- ASSIGNED TASK -
Return the lines of the material below exactly, beginning with the line that has "Construction site large" in it and finishing with the line that has "Novaro Könyvespolcos Ágy" in it. Leave all pictures aside.

- DATA SUPPLIED -

= = = =

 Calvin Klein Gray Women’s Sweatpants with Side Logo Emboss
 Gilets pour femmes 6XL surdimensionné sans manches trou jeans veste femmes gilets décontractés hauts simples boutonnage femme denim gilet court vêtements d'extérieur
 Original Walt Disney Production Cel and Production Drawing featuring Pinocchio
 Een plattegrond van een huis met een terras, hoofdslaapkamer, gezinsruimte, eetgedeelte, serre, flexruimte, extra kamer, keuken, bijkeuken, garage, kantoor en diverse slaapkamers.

= = = =

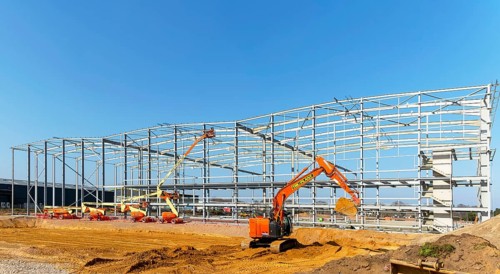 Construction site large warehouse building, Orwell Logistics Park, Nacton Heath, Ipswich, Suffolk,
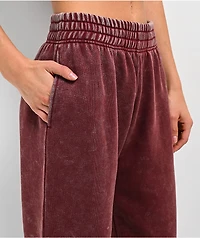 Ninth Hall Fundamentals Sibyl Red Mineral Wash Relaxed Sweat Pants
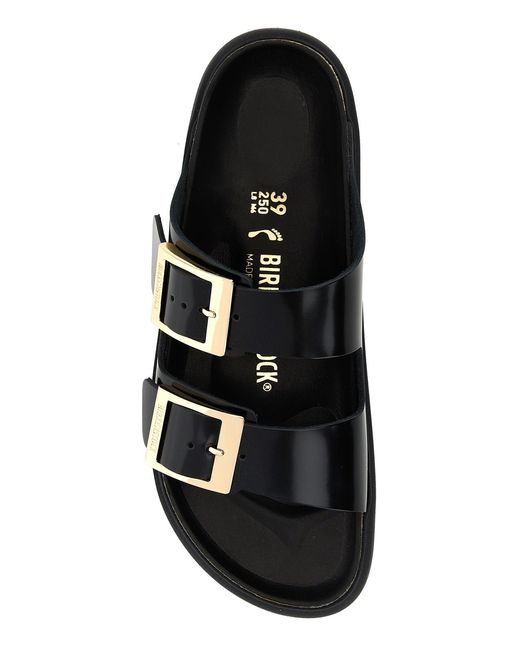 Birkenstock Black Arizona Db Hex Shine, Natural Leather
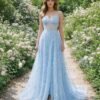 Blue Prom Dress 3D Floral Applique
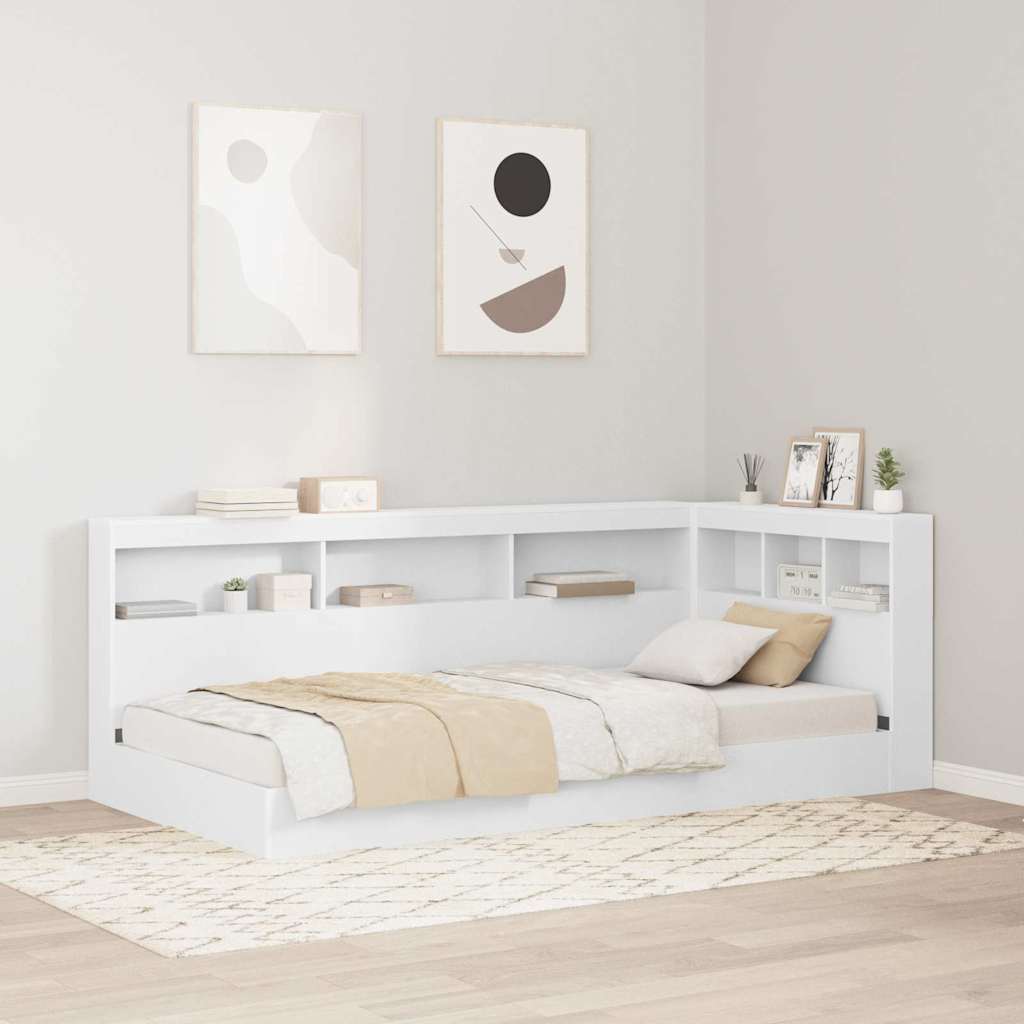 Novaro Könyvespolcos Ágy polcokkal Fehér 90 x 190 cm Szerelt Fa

= = = =

- ANSWER FOR THE TASK -
 Construction site large warehouse building, Orwell Logistics Park, Nacton Heath, Ipswich, Suffolk,
 Ninth Hall Fundamentals Sibyl Red Mineral Wash Relaxed Sweat Pants
 Birkenstock Black Arizona Db Hex Shine, Natural Leather
 Blue Prom Dress 3D Floral Applique
 Novaro Könyvespolcos Ágy polcokkal Fehér 90 x 190 cm Szerelt Fa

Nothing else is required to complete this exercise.